Records contained in a dataset:
=-=-=

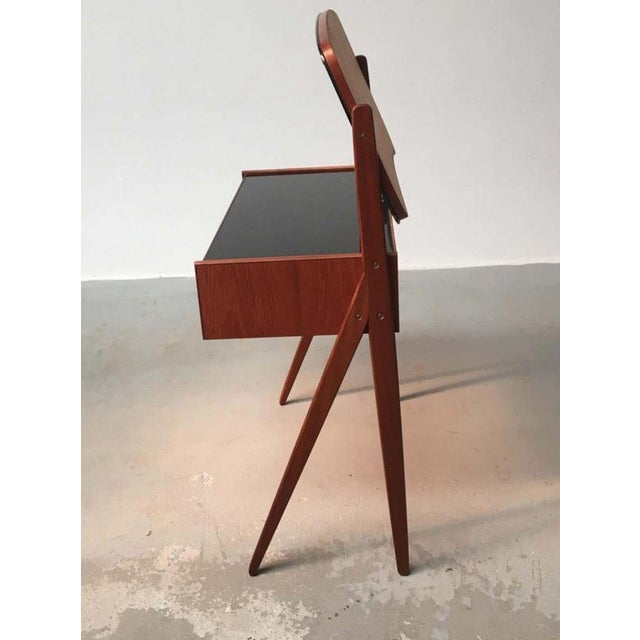 Arne Vodder Teak Dressing Table by Arne Vodder for Oelholm Moebelfabrik, 1960s For Sale - Image 4 of 10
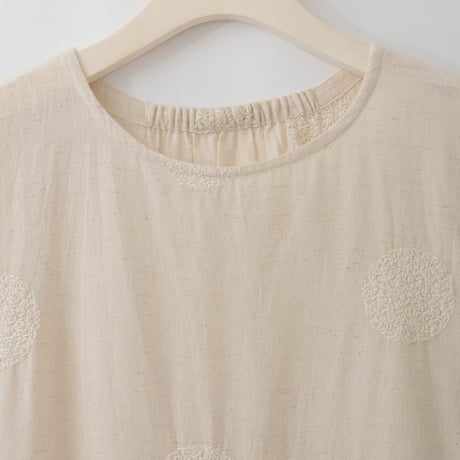 サークル刺繍デザインワンピース[61716375]natural mist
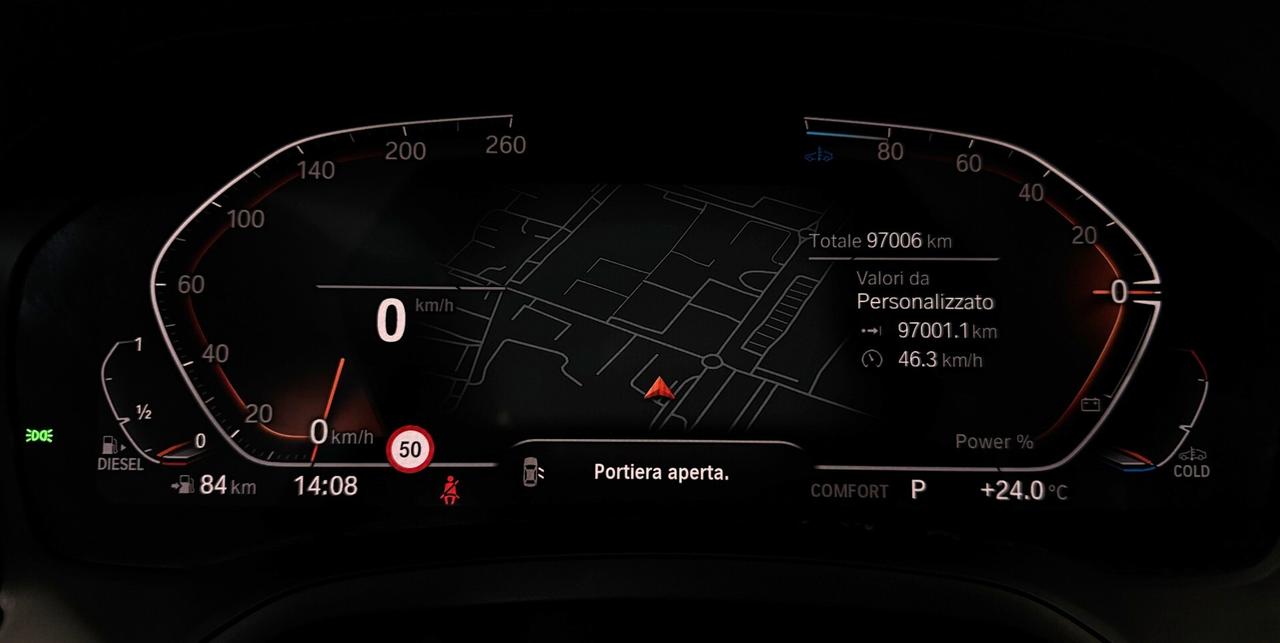 BMW 320 Msport Xdrive Touring mhev 48V 2.0cc 190cv Tagliandi ufficiali IVA esposta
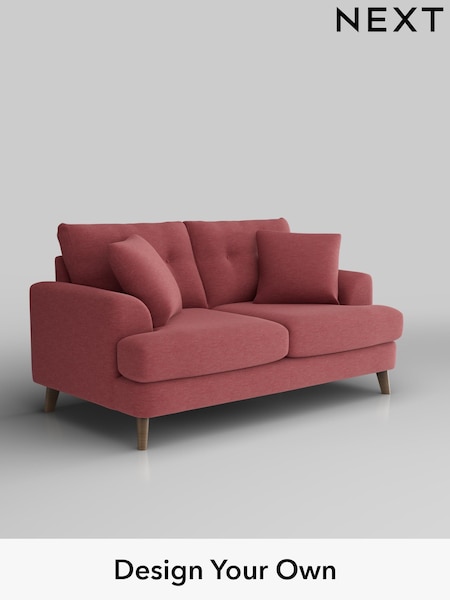 Fine Chenille Easy Clean/Mid Pink Parker Buttoned Back (W43077) | £1,325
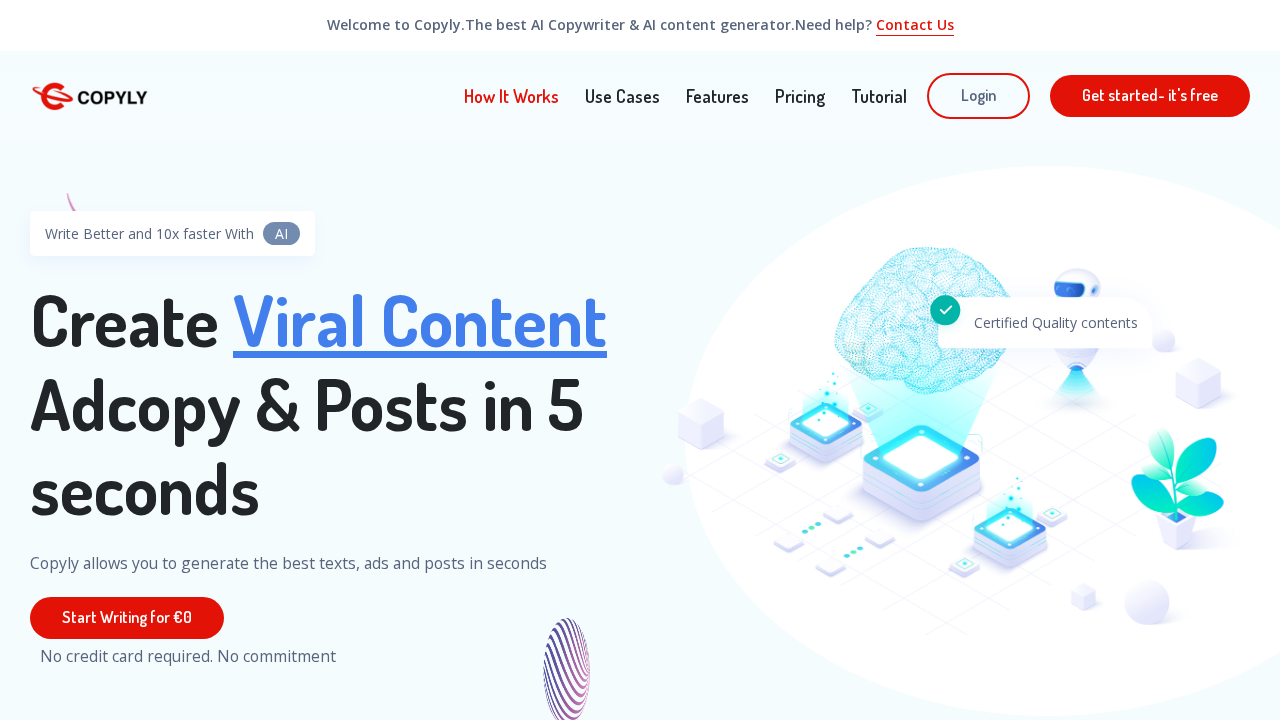 Copyly.io screenshot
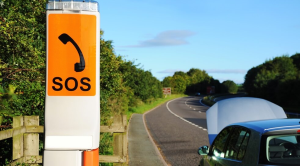 Choose breakdown cover: SOS stop on rural road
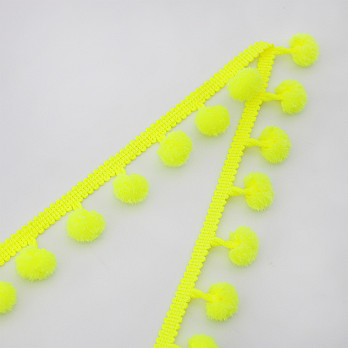 POM POM BALL PASSEMENTERIE 2,5cm NEON YELLOW 50m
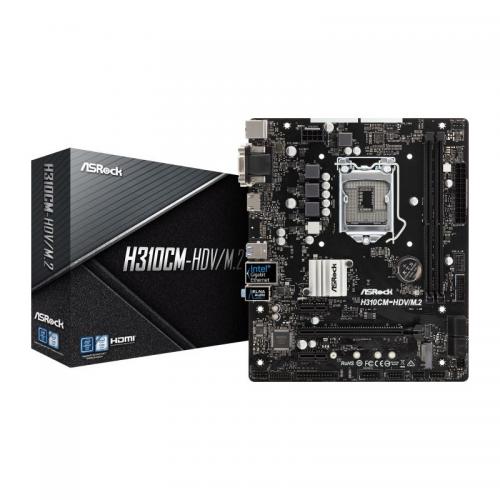 Placa de baza ASRock H310CM-HDV/M.2, Socket 1151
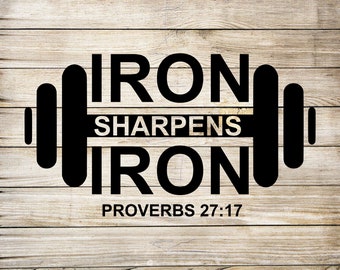 Iron Sharpens Iron SVG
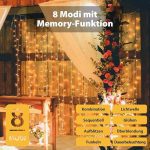 ریسه چراغ‌های  LED مدل Salcar  متر 9 برای مهمانی، جشنواره‌ها - Image 4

=-=-=

**What needs to be done:** Output the records above character for character, but leave each image out.

**Task solution:**
 Arne Vodder Teak Dressing Table by Arne Vodder for Oelholm Moebelfabrik, 1960s For Sale - Image 4 of 10
 サークル刺繍デザインワンピース[61716375]natural mist
 BMW 320 Msport Xdrive Touring mhev 48V 2.0cc 190cv Tagliandi ufficiali IVA esposta
 Fine Chenille Easy Clean/Mid Pink Parker Buttoned Back (W43077) | £1,325
 Copyly.io screenshot
 Choose breakdown cover: SOS stop on rural road
 POM POM BALL PASSEMENTERIE 2,5cm NEON YELLOW 50m
 Placa de baza ASRock H310CM-HDV/M.2, Socket 1151
 Iron Sharpens Iron SVG
 ریسه چراغ‌های  LED مدل Salcar  متر 9 برای مهمانی، جشنواره‌ها - Image 4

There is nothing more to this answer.